Saturday, December 13, 2025

Someone in the Attic by Andrea Mara

 


Julia’s young daughter, Isla, has been following the latest craze on her phone where, through the wonders of photoshop (or some such), it appears that a black clad figure can emerge from the attic into the living area of a specific house, when one day Isla realises the house she is looking at is the same one she and her family have moved into after their arrival in Ireland from America.

There have been lots of books with a stranger in the attic theme, they are always creepy, and this one is no exception. It has the usual elements of fear and suspense but also explores making evidence fit a narrative. When videos keep coming showing more of the interior of the house and they have obviously not been made from copies of Isla’s  earlier posts, Julia has to try and work out who is targeting the house and why, and this involves delving into her past before she left Ireland.

There are some great red herrings and I did lots of second guessing which made this a most enjoyable book for me. I am a rusted-on Andrea Mara fan, and Someone in the Attic did it for me, as always.

Published by Penguin

Thursday, December 11, 2025

The Piano Woman by Rozzi Bazzani

 


The Piano Woman by Rozzi Bazzani is a dual timeline story, one of my favourite genres. Maddison, a successful novelist living in Melbourne, is surprised to receive a letter from a solicitor in England informing her that she is the last surviving female relative of Lady Rose Hampton of Hebden in Kent, and it has taken many ears to find her. As such, Maddie reads, she has inherited an antique grand piano.

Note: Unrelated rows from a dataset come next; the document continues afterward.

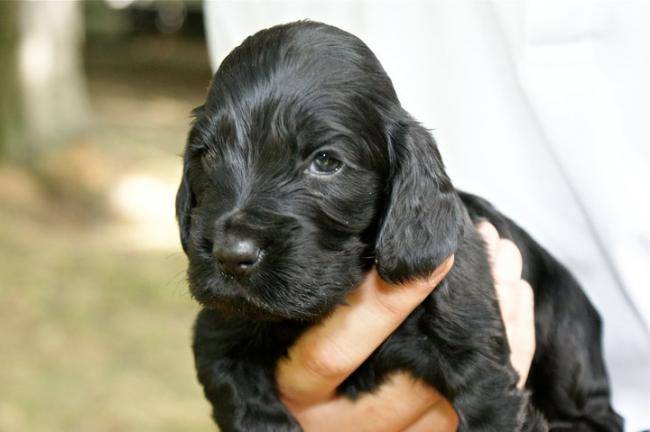 Stanley chiot Cocker Anglais Noir - Cocker Anglais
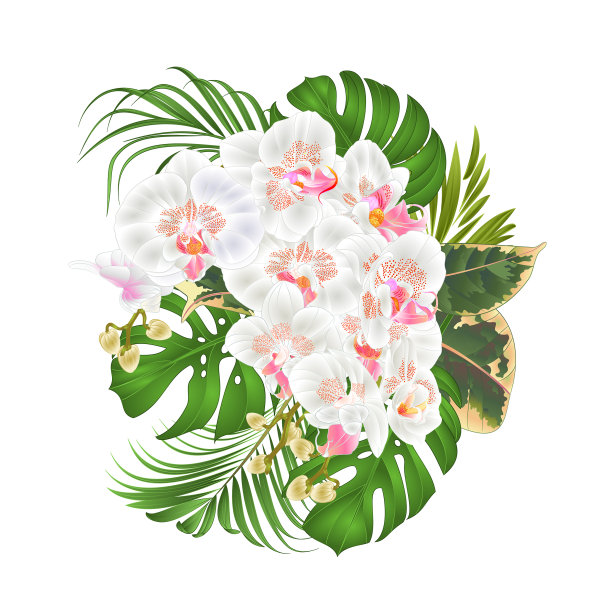 带有热带花卉的花束图片下载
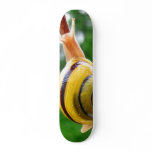 snail skate decks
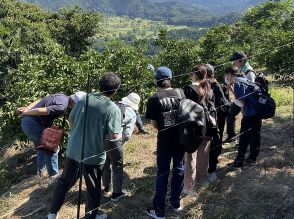 和歌山大の学生が大阪の百貨店で地元PR　商品選定や商品開発に挑戦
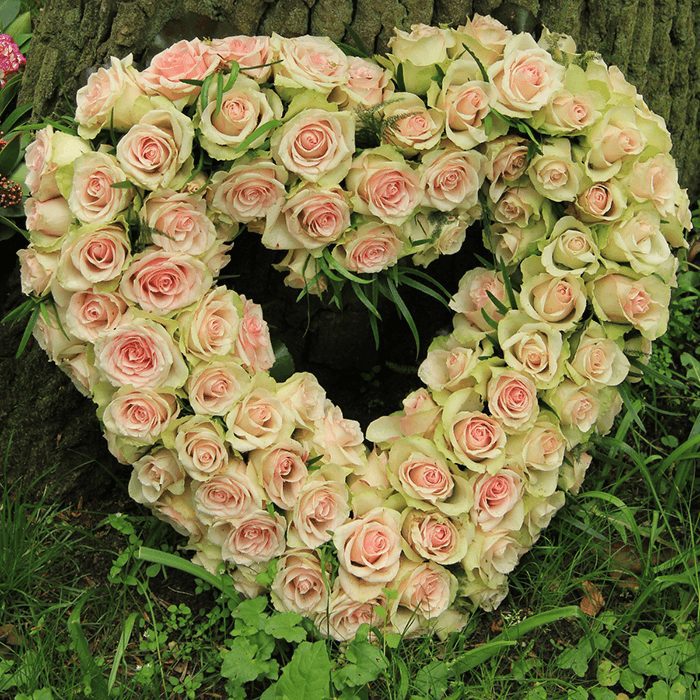 heart shape belle roses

Maddie has been going through a troubling time, having discovered the man she loved had been pretty much a serial betrayer; to make matters worse, she is experiencing writer’s block for the first time, and the deadline for her new book is looming. Maddie has been an orphan since she was eighteen when her mother died, and has only vague memories of her grandmother, Abigail, who had died years before then. She makes a decision to go to Kent to claim her inheritance and, hopefully, learn about her family background.

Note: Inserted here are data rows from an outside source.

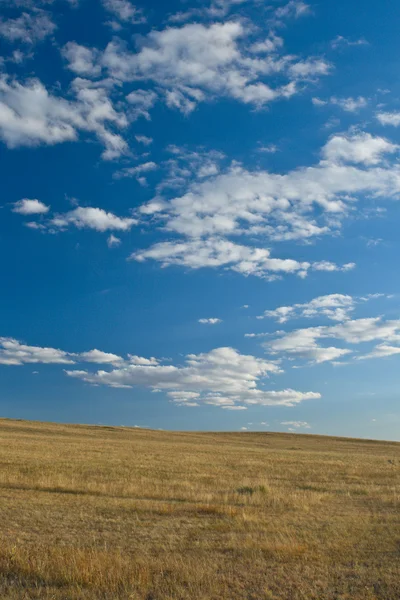 Yellow steppe and perfect sky — Stock Photo, Image
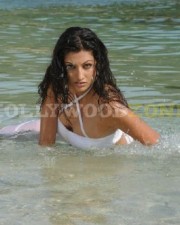 Sexy Hamsa Nandini Pictures 07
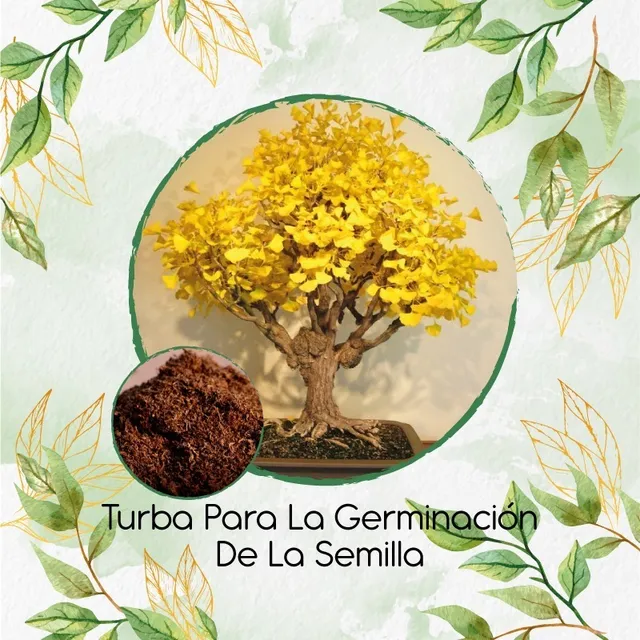 Turba Especial Para Semillas De Bonsái Guayacán Amarillo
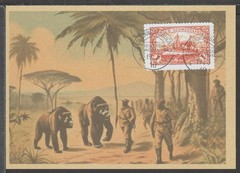 ✔️ Deutsches Reich Colonies 1910 South-West Africa RARE POSTCARD – REPRODUCTION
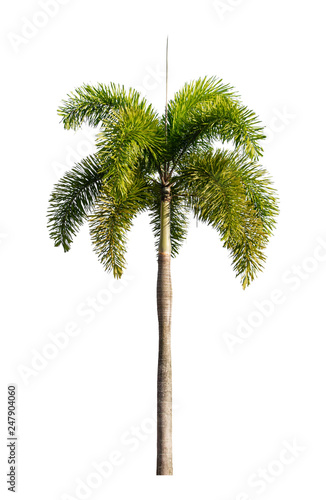 Palm tree Ornamental plants  beautiful on white background © pramot48
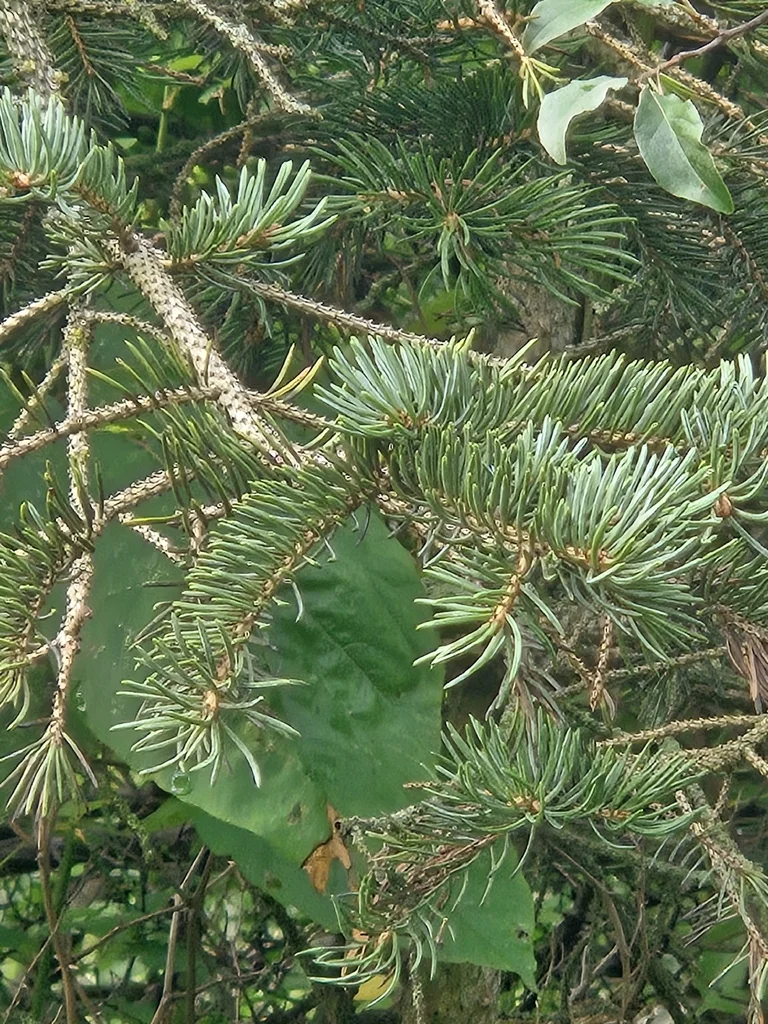 Picea Pungens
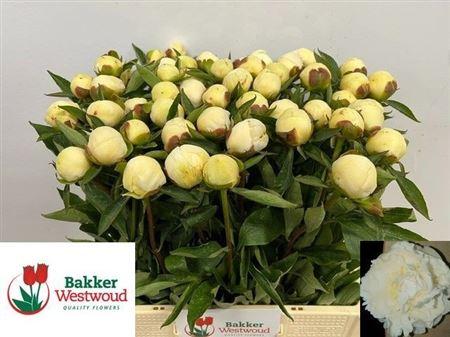 Paeonia (Lactiflora Grp) 'Duchesse de Nemours'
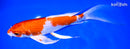 9.5" HARIWAKE BUTTERFLY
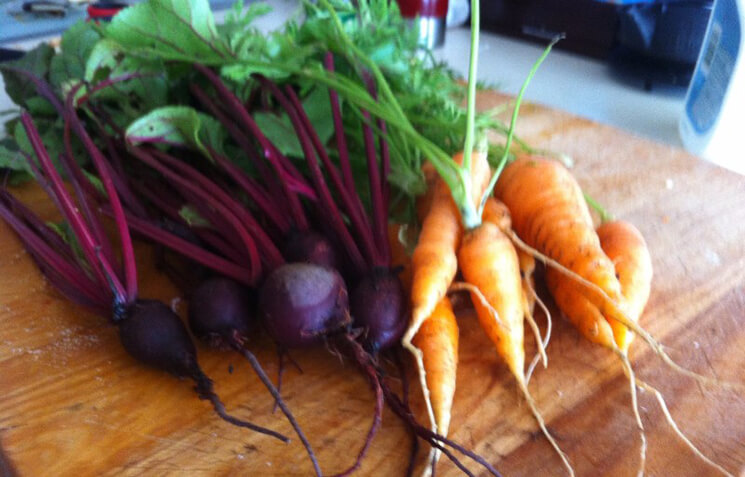 Carrot and Beet Harvest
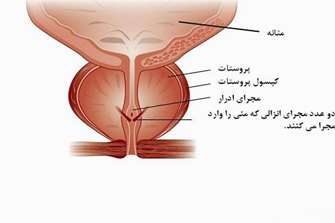  یک سوئیچ سیگنالینگ مبتنی بر TBX2 از گیرنده آندروژن به گیرنده گلوکوکورتیکوئید سبب ایجاد مقاومت درمانی در سرطان پروستات می شود.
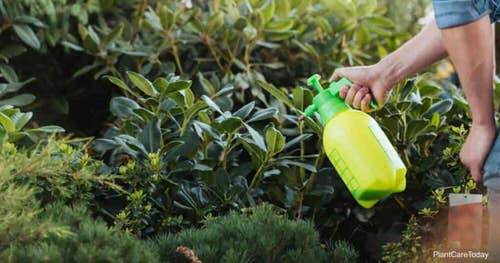 Ant Killer Recipes for the Garden Tea Tree Oil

This is a beautiful story which, as Maddie is finding connections to her English relatives in the present day, switches to the early twentieth century. The main characters are easy to keep track of because of each one’s individuality and it was easy to picture them and become lost in the drama, mystery and romance they were all part of. It is a very different book to the Detective Bec Harpin series, and just as engrossing. I read it in a day because I couldn’t put it down!

Top marks, Rozzi.

Published by S & B Books

Monday, December 8, 2025

A Sociopath’s Guide to a Successful Marriage by M K Oliver


Lalla Rook is a sociopath who will destroy (sometimes literally) anyone who gets in her way. She is very good at committing the most heinous crimes, blaming them on other people and getting away with them. The secret to Lalla’s success is that she is able to convince herself that the stories she comes up with in covering up her crimes are true, and sticking by them causes her no problems at all.

Lalla is the fascinating, mesmerising creation of M K Oliver, a man who has taken the brave step of writing in the first person from a woman’s point of view. Of course, Lalla, having no moral compass, is not your average woman and her innermost thoughts are up for grabs.

Although Lalla is incapable of loving other humans, I was pleased to see she has a degree of fondness for her cat.  Being a cat lady myself, I understand this perfectly. This book is great fun in a thieving, conniving, murderous kind of way and I’ve got to say I loved it.

Top marks, Mr Oliver!

Published by Harper Collins

Tuesday, December 2, 2025

How to Kill a Guy in Ten Dates by Shailee Thompson

 

Jamie has been working for a year on her dissertation: “All’s Fair in Love and Gore: The Intersection of Romantic Comedies and Slasher Films in the Late Twentieth and Early Twenty-First Centuries”, towards her PhD in Cinema Studies at NYU. She takes a break from her studies to have a night out with her best friend, Laurie. They are going speed dating.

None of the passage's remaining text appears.